La Jetée and Tempunauts

              While watching the ending of “La Jetée,” I couldn’t help of thinking of “A Little Something for Us Tempunauts.” The characters in each story experience a sort of time loop. In “La Jetée,” the man is forced to travel back in time after the destruction of World War III. As a child he witnesses a man being shot and killed. It later turns out that this event, is him witnessing his own death in the future. In a way, he will continue reliving these events of his life forever, because even though he is dead in that moment, his child self will keep growing up, traveling back in time, getting killed, and witnessing his death in this continuous cycle. This is very similar to the time loop seen in “A Little Something for Us Tempunauts.”

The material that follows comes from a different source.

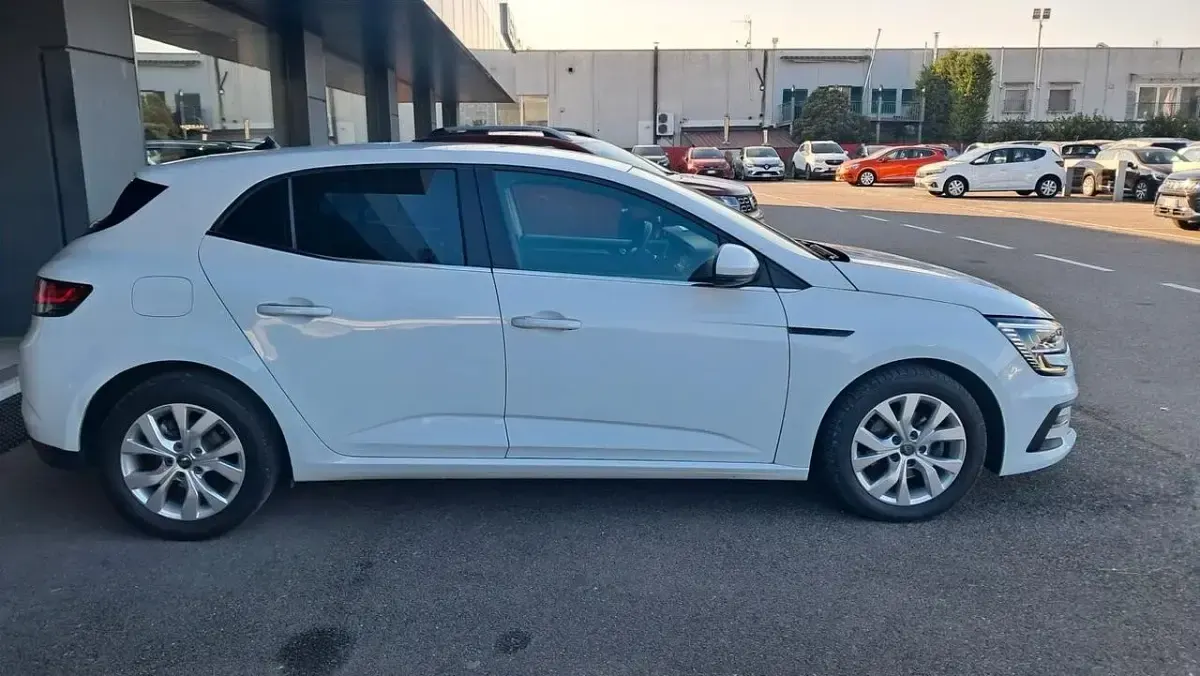 Usata Renault Mégane II Business 115 CV (84 kW) 2021 Bianco Berlina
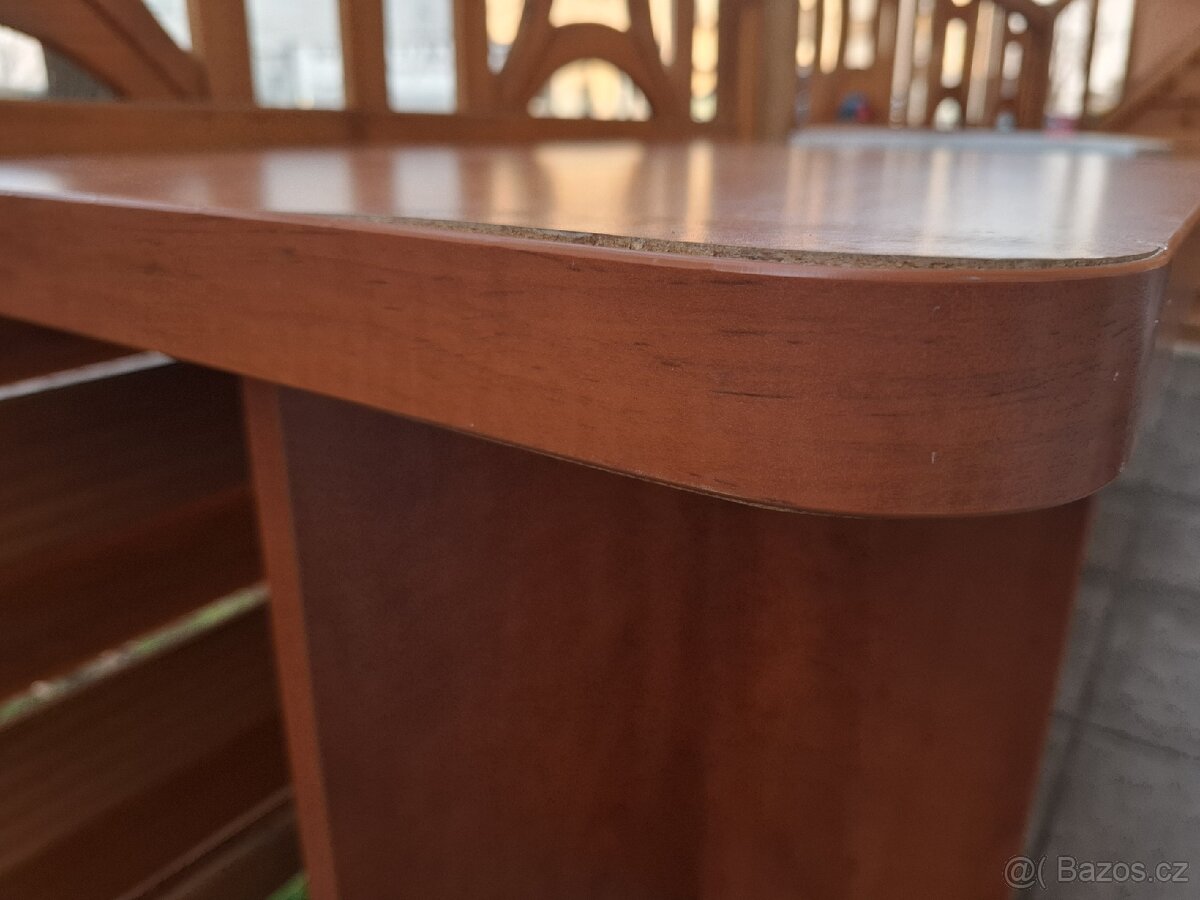 Konferencni stolek - 4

                In “A Little Something for Us Tempunauts,” the main characters choose to relive the same moments over and over as a way of seeking immortality.  The Tempunauts are able to cheat death by dying.  By manipulating the amount of weight in their time traveling device, they are killed and thrust into a time loop. Even after viewing their own funeral procession, they still choose to continue reliving the same few days . The man in “La Jetée” is forced to unknowingly live in a time loop. By the time he can even figure out that he is the man getting shot in his childhood memory, it is way too late to prevent his death. There is no way he can fix the mistake by warning his child self if he has no idea that it exists.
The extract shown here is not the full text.